When abuse of process provides the most analogous cause of action for a § 1983 claim, the limitations period runs from the date the plaintiff was arrested and charges were brought against him. See, e.g., Aly v. City of Lake Jackson, 453 F. App'x 538, 540 (5th Cir. 2011) (per curiam); see also Rose v. Bartle, 871 F.2d 331, 351 (3d Cir.1989); Denmark v. Starcher, No. 1:14CV58, 2014 WL 7272789 (N.D.W.Va. Dec. 18, 2014). Here, Plaintiff concedes that he appeared before a judicial official in Williamsburg County on September 8, 2008. ECF No. 1 at 9. Claims for excessive force also typically accrue on the date of the arrest or the assault, because, at that point, the plaintiff has reason to know of the injury. See Montgomery v. De Simone, 159 F.3d 120, 126 (3d Cir. 1998); Fox v. DeSoto, 489 F.3d 227, 233 (6th Cir. 2007)["A § 1983 claim for excessive force in effectuating an arrest accrues at the time of arrest."]; Cabrera v. City of Huntington Park, 159 F.3d 374, 381 (9th Cir. 1998) [holding that, as a general rule, an excessive force claim under § 1983 accrues on the date that the force occurs].

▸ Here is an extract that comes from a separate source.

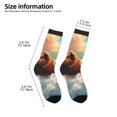 thumbnail image 2 of Uemuo Cloud Guinea Pig Printed Kids Boys Socks Seamless Crew Socks Crazy Funny Athletic Sport Socks for Children, 2 of 6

Plaintiff's three-year period to bring his false arrest/imprisonment, illegal search and seizure, excessive force, and abuse of process claims thus began to run no later than September 8, 2008, and expired on or before September 8, 2011, long before Plaintiff signed his Complaint on March 1, 2015. Thus, these claims should be dismissed as untimely. Hunterson v. Disbabato, 244 F. App'x 455 (3d Cir. 2007) [a district court may sua sponte dismiss a claim as time-barred where it is apparent from the complaint that the applicable limitations period has run]; Castillo v. Grogan, 52 F. App'x 750, 751 (6th Cir. 2002)[district court may sua sponte dismiss complaint as time-barred when the defect is obvious]; Alston v. Tennessee Dep't of Corrs., 28 F. App'x 475 (6th Cir. 2002)["Because the statute of limitations defect was obvious from the face of the complaint, sua sponte dismissal of the complaint was appropriate.].

See Houston v. Lack, 487 U.S. 266 (1988)[prisoner's pleading was filed at the moment of delivery to prison authorities for forwarding to District Court].

With respect to Plaintiff's claim for malicious prosecution, this claim did not accrue until December 8, 2010, when the Williamsburg County charges were disposed of. See Wallace v. Kato, 549 U.S. at 392-393 [explaining that a malicious prosecution claim fails to accrue until the underlying conviction is invalidated]. Even so, as Plaintiff did not file this action until more than three years later, his malicious prosecution claim should also be dismissed, as it is similarly barred by the applicable statute of limitations.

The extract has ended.